> SUPPLIED RECORDS:
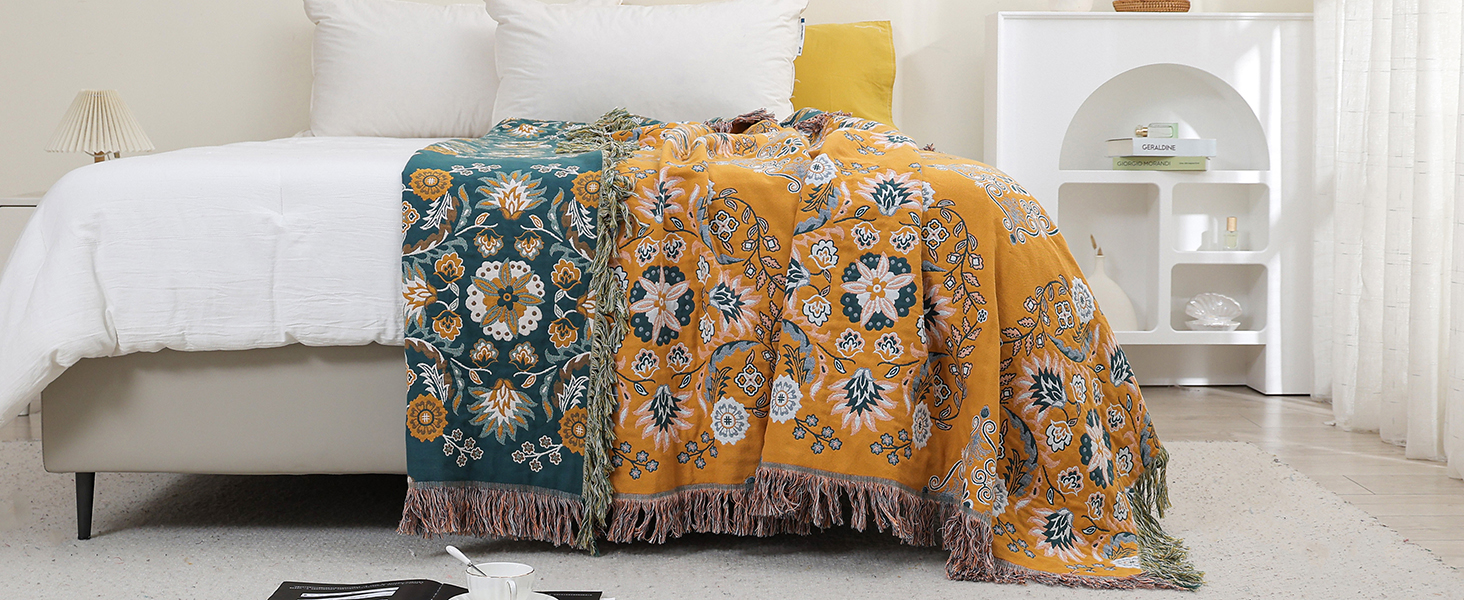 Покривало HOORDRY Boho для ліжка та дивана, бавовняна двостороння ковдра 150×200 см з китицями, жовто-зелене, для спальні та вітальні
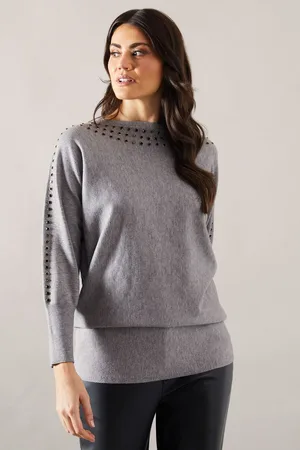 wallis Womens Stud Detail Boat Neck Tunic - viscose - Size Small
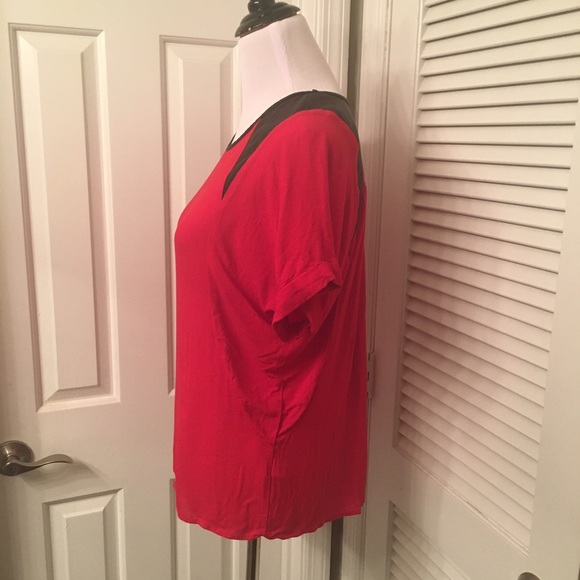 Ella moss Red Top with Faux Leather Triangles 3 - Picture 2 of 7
---
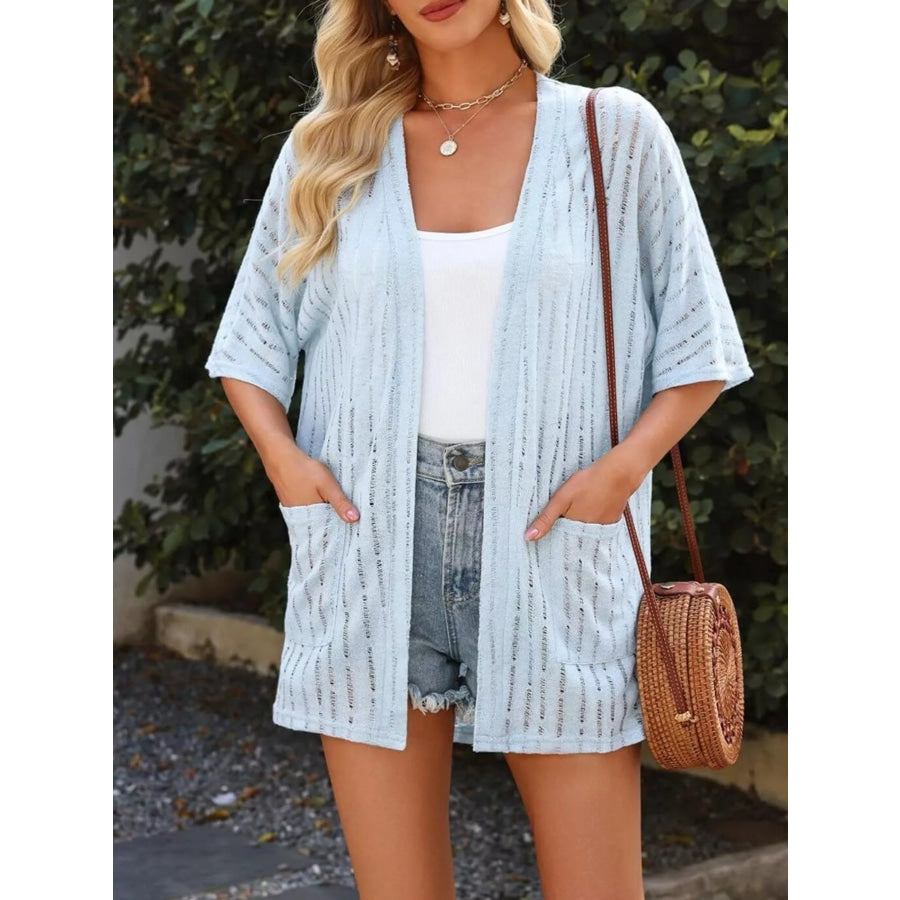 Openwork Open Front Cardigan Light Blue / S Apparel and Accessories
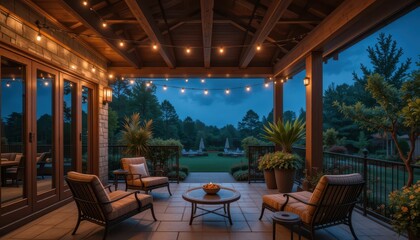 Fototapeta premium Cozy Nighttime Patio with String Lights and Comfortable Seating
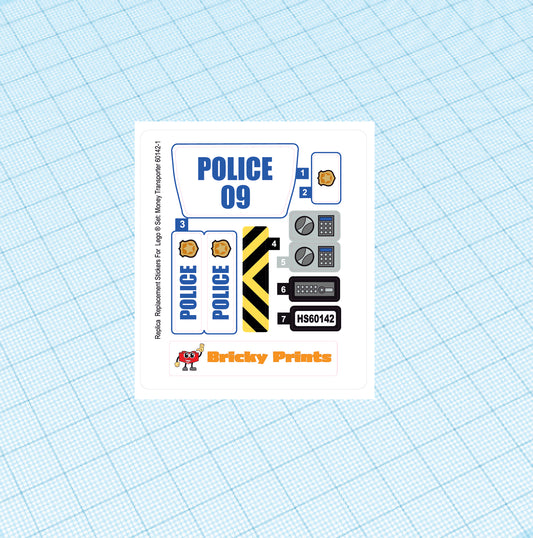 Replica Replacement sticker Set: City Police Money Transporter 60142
---
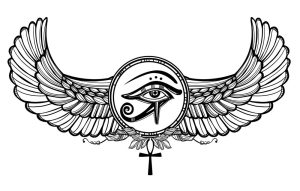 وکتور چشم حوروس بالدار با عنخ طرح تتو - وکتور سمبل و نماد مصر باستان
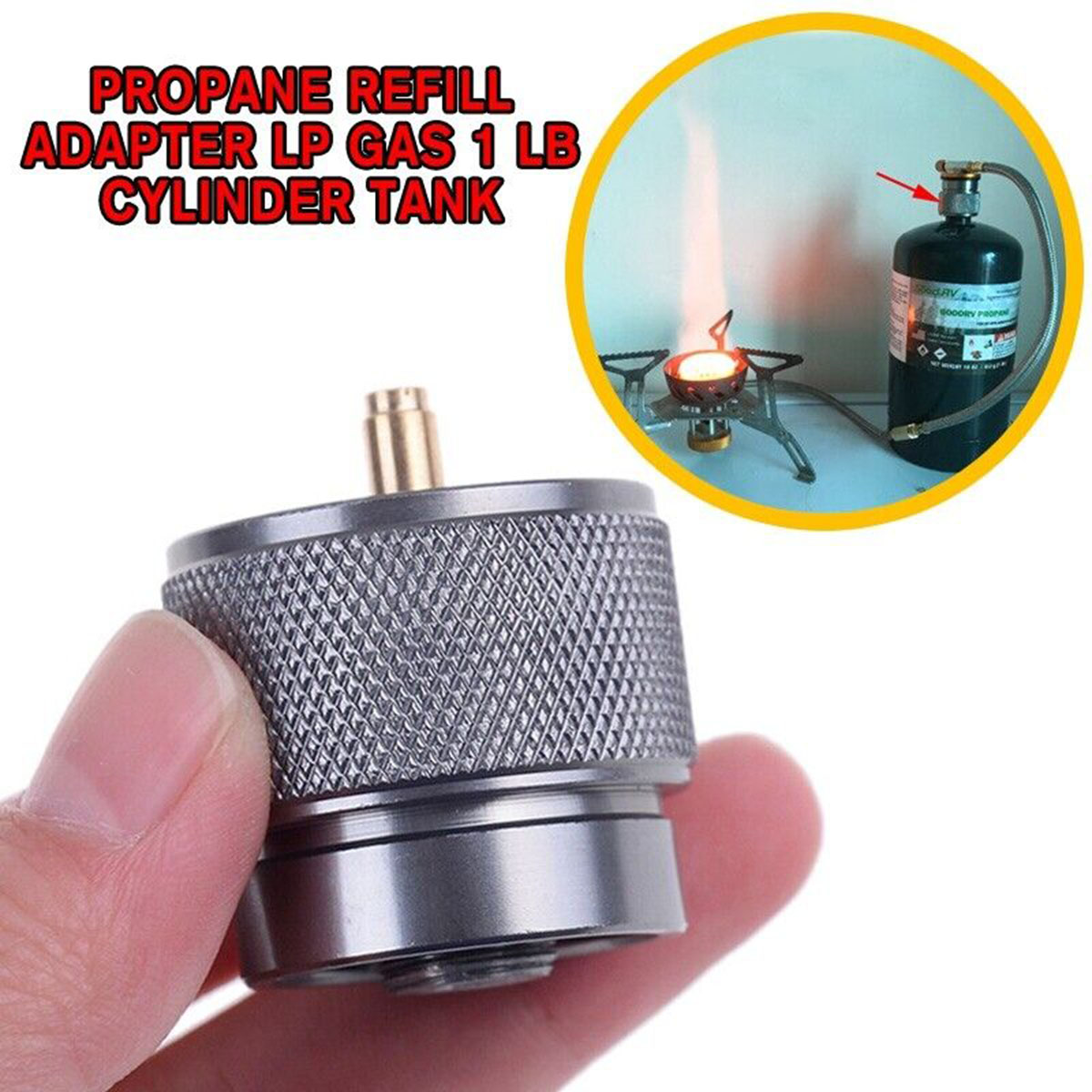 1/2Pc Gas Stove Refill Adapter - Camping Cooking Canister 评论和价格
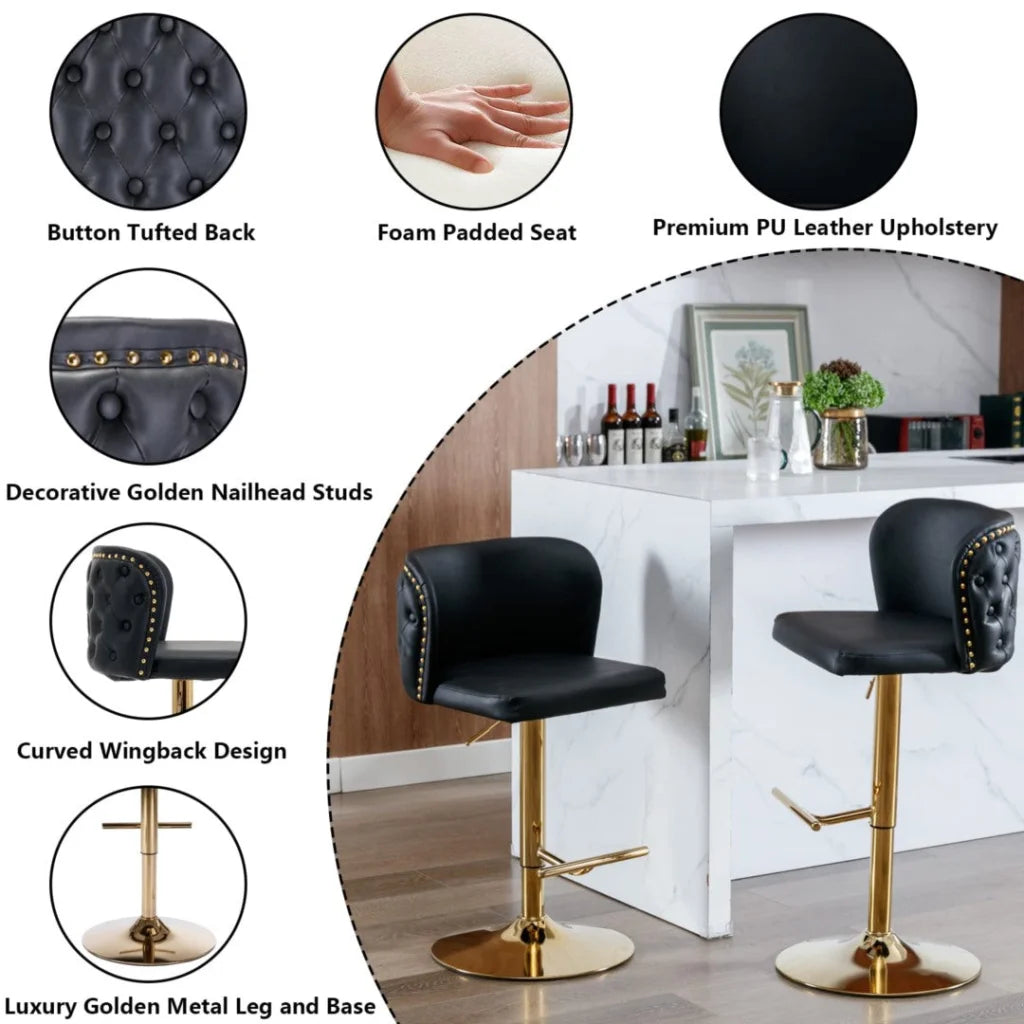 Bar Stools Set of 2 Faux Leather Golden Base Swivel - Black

> EXERCISE:
In the listing above, find the line with "Покривало HOORDRY Boho" and the line with "Ella moss Red". Set down exactly those lines and everything between them, skipping pictures.

> TASK RESULT:
 Покривало HOORDRY Boho для ліжка та дивана, бавовняна двостороння ковдра 150×200 см з китицями, жовто-зелене, для спальні та вітальні
 wallis Womens Stud Detail Boat Neck Tunic - viscose - Size Small
 Ella moss Red Top with Faux Leather Triangles 3 - Picture 2 of 7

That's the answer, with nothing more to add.